PROVIDED MATERIAL Start Marker

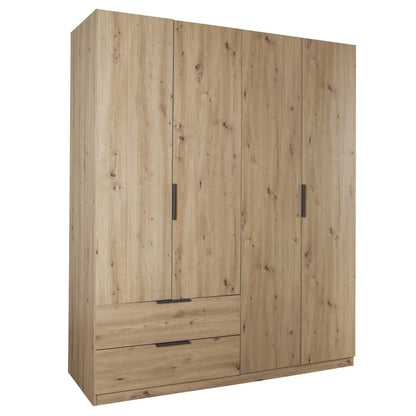 Armoire avec 4 portes et 2 tiroirs 162x58 cm chêne artisanal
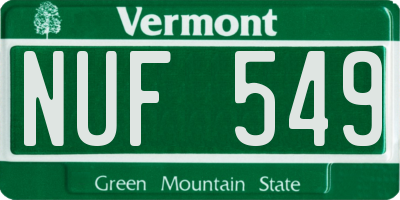 VT license plate NUF549
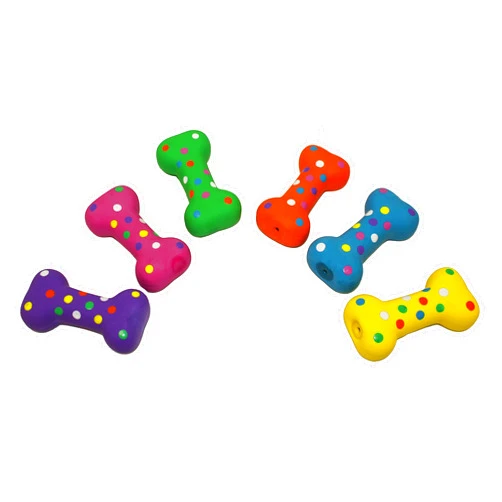 Multipet Polka Dot Latex Plush Filled 4-Inch Dog Toy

PROVIDED MATERIAL End Marker

## REQUIRED WORK
Skipping all pictures, set the listing down exactly as written.

## YOUR RESPONSE
 Armoire avec 4 portes et 2 tiroirs 162x58 cm chêne artisanal
 VT license plate NUF549
 Multipet Polka Dot Latex Plush Filled 4-Inch Dog Toy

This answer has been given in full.